Problem to work on:
Copy the data exactly. Images are to be left out.

Provided material:
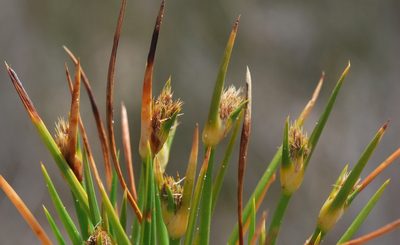 Ficinia echinata, photographed by Charles Stirton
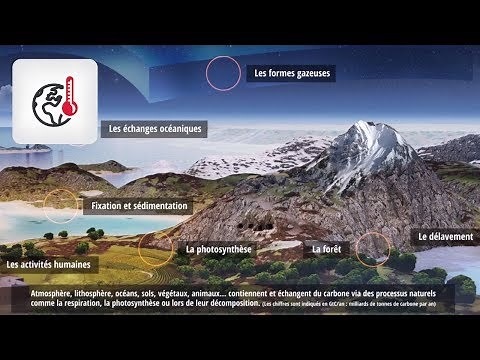 [Comment ça marche ?] Le cycle du carbone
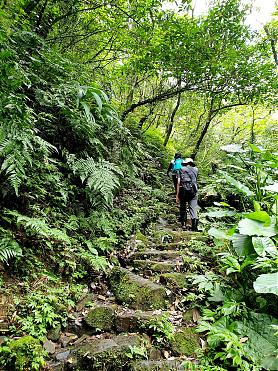 【淡蘭古道中路】崩山坑古道健行｜全程導覽+無菜單料理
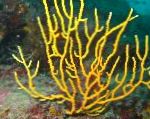 Фото Аквариум Горгония морские перья, Gorgonia, желтый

Output for this task:
 Ficinia echinata, photographed by Charles Stirton
 [Comment ça marche ?] Le cycle du carbone
 【淡蘭古道中路】崩山坑古道健行｜全程導覽+無菜單料理
 Фото Аквариум Горгония морские перья, Gorgonia, желтый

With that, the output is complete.